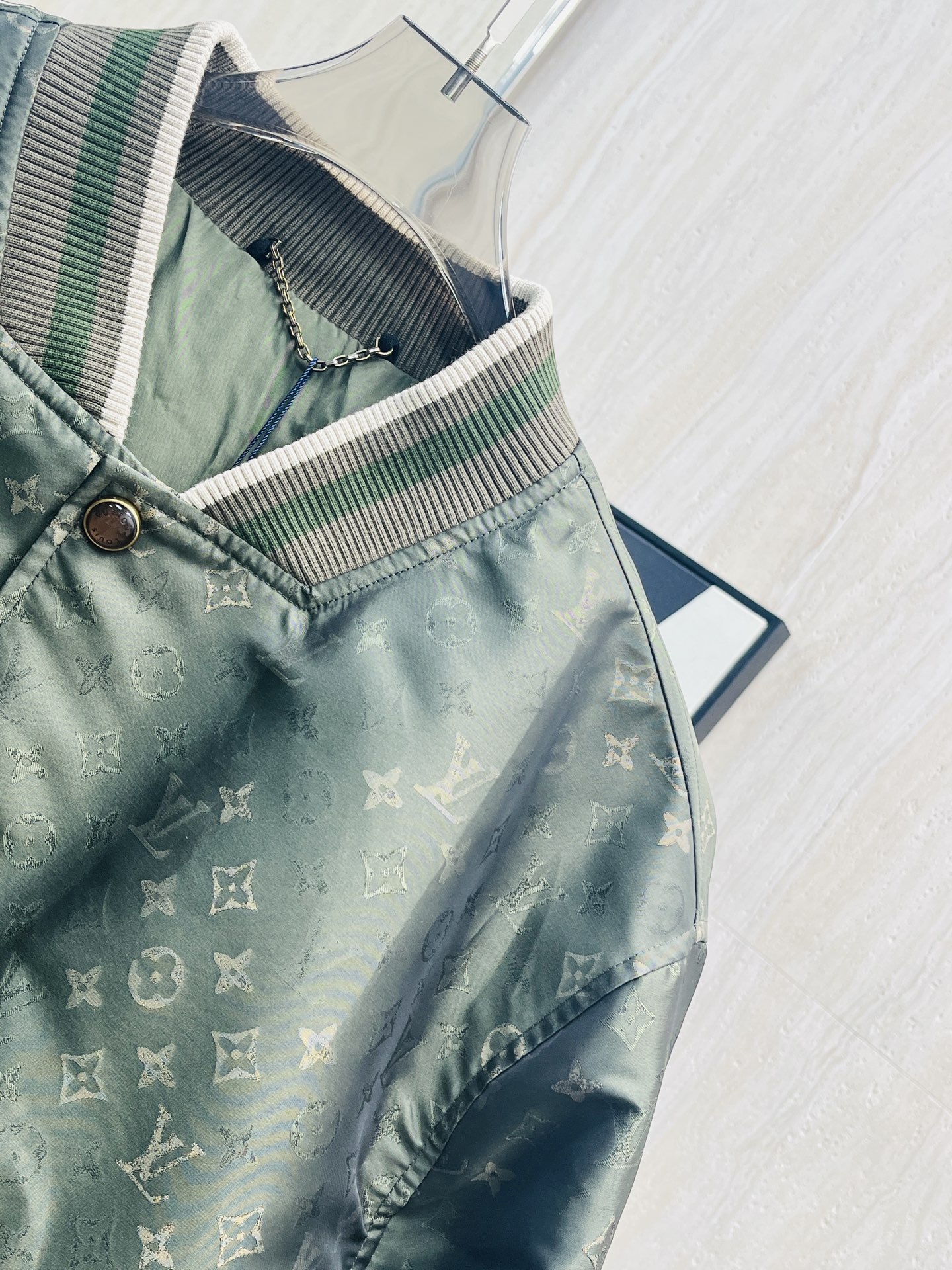 Louis Vuitton Male Jacket M-l-xl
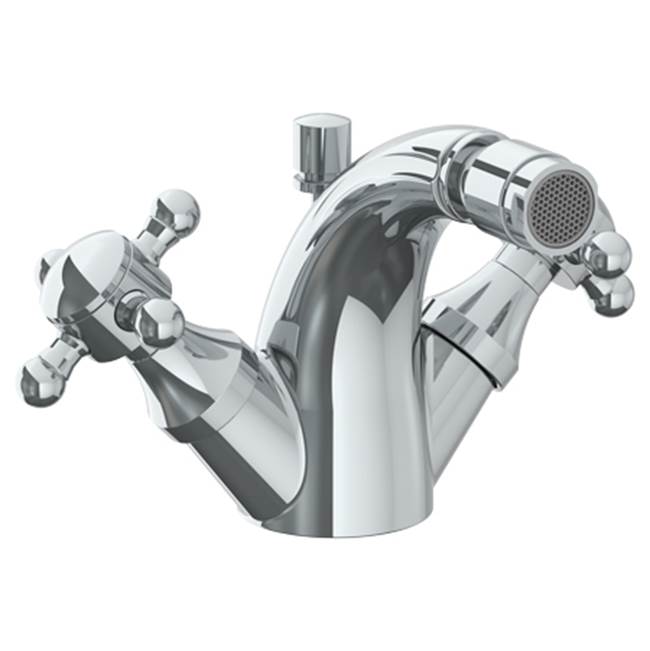 Watermark  Bidet Faucets item 313-4.1-AX-AGN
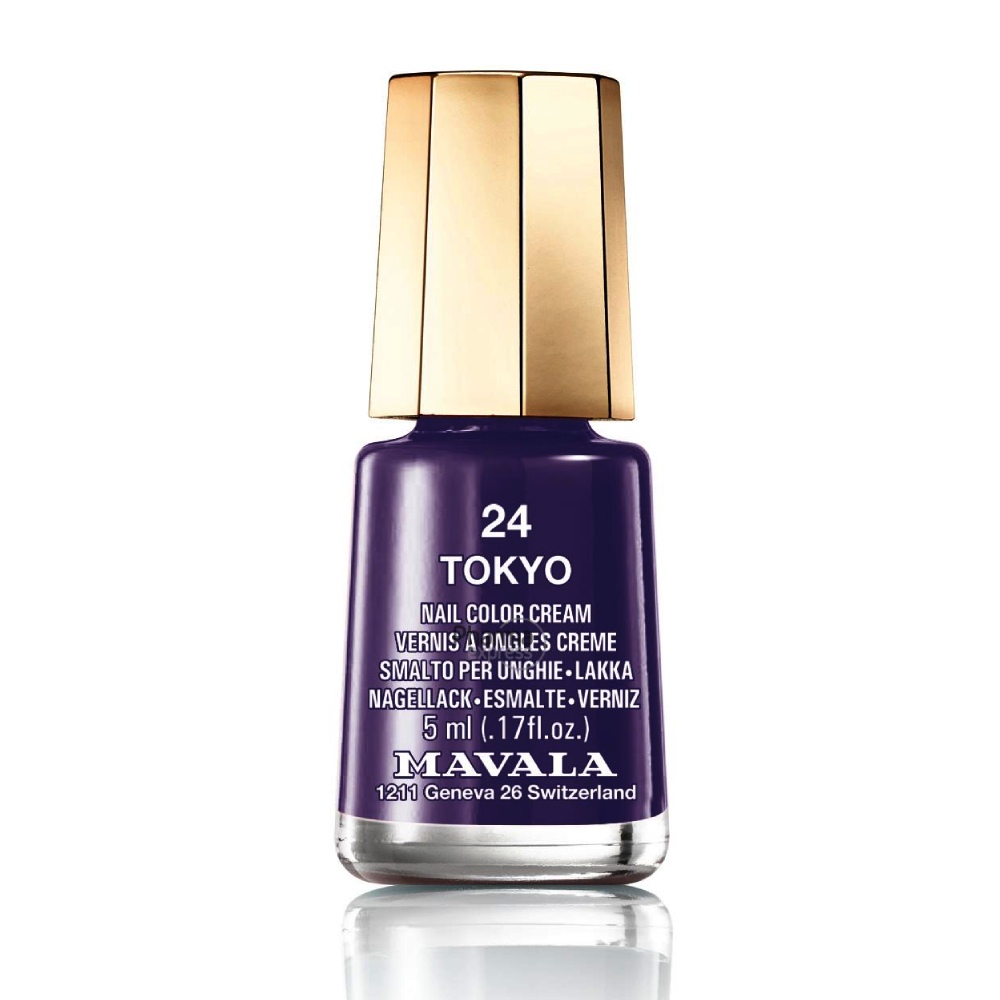 MAVALA LACA UÑAS 24 TOKYO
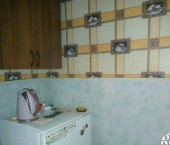 1-комн, 15кв м, этаж 1/5 Казахская улица, 87/3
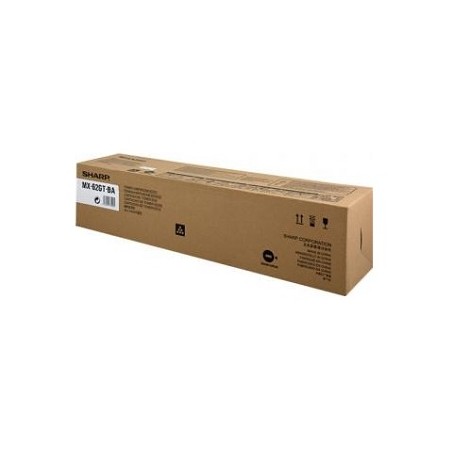 Sharp Toner Cartridge MX-62GTBA / MX-62GTBB black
------
Brief
The records above should be duplicated exactly, with none of their pictures kept.

Answer for this exercise
 Louis Vuitton Male Jacket M-l-xl
 Watermark  Bidet Faucets item 313-4.1-AX-AGN
 MAVALA LACA UÑAS 24 TOKYO
 1-комн, 15кв м, этаж 1/5 Казахская улица, 87/3
 Sharp Toner Cartridge MX-62GTBA / MX-62GTBB black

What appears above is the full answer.